P1030036 After Radeon HD7970 Tahiti, GPU Compute becomes mainstream

The massive jumps in both peak and actual usable GPU compute FP performance, especially across multiple GPUs, show that both the GPU and OpenCL have matured sufficiently to make graphics compute offload a more viable proposition down to the mainstream.

Being among the first to get a hold of the new GPU – and multiples of them at that, in this case AMD Radeon HD7970 'Tahiti' has its advantages, one of them running a lot of tests for the first time for the public to see. In our case, benchmonkey Lennard ran quite a few such benchmark tests on one, two, three and, of course, four cards in parallel. You'd have noticed that the results from the compute tests scaled just as well, if not even better, than the 3-D graphics ones, which on their own did a wonderful scaling job as well – notice even the 3Dmark and Heaven test scaling gains between one and four cards!
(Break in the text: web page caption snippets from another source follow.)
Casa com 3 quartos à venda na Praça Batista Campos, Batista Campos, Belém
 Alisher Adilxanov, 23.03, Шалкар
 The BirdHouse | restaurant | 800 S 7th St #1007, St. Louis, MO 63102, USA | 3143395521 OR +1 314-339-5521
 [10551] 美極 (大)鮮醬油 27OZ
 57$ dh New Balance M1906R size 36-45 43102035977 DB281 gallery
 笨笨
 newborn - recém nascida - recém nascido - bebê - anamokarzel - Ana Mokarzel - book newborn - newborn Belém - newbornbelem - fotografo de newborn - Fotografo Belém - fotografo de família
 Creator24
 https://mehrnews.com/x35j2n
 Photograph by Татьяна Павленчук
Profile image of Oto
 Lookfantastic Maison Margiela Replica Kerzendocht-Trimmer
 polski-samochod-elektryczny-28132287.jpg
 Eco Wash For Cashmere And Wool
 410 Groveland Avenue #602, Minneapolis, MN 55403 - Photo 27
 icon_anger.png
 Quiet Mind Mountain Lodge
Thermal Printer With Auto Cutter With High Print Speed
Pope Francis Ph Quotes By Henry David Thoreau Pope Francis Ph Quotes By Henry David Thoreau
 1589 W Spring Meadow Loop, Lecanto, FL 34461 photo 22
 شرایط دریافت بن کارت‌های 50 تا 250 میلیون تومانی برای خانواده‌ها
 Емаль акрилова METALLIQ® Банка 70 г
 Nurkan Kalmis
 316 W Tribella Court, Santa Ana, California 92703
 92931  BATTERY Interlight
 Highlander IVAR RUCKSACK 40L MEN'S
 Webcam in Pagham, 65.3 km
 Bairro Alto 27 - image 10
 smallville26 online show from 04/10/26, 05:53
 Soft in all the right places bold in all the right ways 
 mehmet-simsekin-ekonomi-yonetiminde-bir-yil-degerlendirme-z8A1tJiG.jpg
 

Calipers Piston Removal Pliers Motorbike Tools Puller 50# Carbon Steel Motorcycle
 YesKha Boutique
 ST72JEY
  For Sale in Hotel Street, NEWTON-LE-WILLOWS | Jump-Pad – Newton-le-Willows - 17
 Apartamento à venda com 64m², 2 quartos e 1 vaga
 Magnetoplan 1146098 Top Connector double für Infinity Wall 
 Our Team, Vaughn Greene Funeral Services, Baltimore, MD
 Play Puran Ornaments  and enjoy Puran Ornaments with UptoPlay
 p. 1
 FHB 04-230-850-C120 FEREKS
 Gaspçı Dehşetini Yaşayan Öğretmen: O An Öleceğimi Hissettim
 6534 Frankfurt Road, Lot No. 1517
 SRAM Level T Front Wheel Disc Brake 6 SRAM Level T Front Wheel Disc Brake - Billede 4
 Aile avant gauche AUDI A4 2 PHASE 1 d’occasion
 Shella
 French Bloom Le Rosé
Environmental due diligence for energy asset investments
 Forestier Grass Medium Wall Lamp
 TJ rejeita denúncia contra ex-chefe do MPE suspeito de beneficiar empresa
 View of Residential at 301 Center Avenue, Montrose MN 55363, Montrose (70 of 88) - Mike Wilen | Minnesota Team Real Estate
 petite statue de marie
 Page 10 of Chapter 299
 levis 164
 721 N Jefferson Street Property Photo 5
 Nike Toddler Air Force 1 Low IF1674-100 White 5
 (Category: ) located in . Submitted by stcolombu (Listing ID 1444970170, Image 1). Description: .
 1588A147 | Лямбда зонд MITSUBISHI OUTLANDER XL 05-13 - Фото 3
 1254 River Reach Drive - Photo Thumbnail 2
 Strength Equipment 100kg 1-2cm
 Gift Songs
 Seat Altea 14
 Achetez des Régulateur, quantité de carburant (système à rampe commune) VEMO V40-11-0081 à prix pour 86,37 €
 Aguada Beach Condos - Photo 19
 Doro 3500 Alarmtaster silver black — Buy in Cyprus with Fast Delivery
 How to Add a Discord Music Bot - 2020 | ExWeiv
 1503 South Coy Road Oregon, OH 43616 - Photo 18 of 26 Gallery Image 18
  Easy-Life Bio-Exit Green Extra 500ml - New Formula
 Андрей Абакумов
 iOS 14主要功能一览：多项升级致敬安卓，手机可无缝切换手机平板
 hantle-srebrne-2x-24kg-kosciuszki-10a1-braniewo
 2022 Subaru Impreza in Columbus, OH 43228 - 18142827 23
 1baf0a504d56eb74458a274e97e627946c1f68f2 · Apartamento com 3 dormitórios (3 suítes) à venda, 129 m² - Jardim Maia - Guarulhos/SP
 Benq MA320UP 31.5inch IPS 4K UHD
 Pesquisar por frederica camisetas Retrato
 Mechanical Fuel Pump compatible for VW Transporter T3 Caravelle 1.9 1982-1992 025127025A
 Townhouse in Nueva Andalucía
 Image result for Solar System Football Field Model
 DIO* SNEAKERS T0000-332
Putting aside the numbers, which you can see on our site and widely across the Net now as well, the impact is interesting. The AMD GCN new GPU architecture, which basically looks a lot like a vector FP processor surrounded by graphics acceleration hardware, did provide for much higher usable vs peak FP rate, especially for double precision FP critical for mainstream PC and HPC applications. On top of it, the OpenCL programming model has now matured well to handle single and multiple tasks with many threads being well balanced and spread across multiple GPUs, which the benchmark performance gains when running on up to four GPUs have shown.
 
One important thing here is that the GPU compute is not limited by CrossFire – or SLI, on Nvidia – four-GPU barrier. If your application, or multiple tasks, can handle it, and the underlying board has enough PCIe slots to support it, there's nothing to stop you from having, say, eight or more GPUs in a single system, all running GPU compute and/or graphics at the same time. For instance, the upcoming Xeon E5 4600 quad-socket LGA 2011 platform, slated for release mid year, will have a whopping 160 PCIe v3 lanes available direct from the CPUs, enabling 8 or more GPU cards in the system. If each of these is a, say, 1.1 GHz pre overclocked 6 GB RAM HD7970, it would mean a 9 TFLOPs DP FP capability in a single box, yet with 48 GB dedicated RAM on these GPUs for large local dataset processing without having to go to the over an order of magnitude slower PCIe link – keep this in mind, as having to often go to PCIe for slow data movement was one of key limitations in wider GPGPU spread.
 
In those apps where you can tolerate even higher PCIe latency induced by PCIe bridges present on dual-GPU cards, in return for higher total performance, that same Quad Xeon E5 box could take eight dual-GPU, say 975 MHz pre overclocked AMD HD7990, cards, and have 16 TFLOPs peak DP FP performance in a single box. Whether one can fit 2 x 6 GB RAM on a single dual-GPU card right now, remains to be seen, but it would help keep all those data away from having to shuffle over comparatively slower bridged PCIe.
 
Why do I mention pre-overclocked here? Well, it seems AMD was really conservative with clocking the new parts, as so many of them run comfortably even at 1.1 GHz without any voltage changes or such. The yields seem to be good, and there's nothing wrong in producing higher-end binned parts, combined with more memory, to breach the 1 TFLOP peak DP FP limit, which for these cards would be at 980 MHz GPU, or let's just round it up to 1 GHz, frequency. The extra performance helps get a few more FPS in gaming, but it means real, monetizable, compute performance in supercomputing, workstation and multimedia use.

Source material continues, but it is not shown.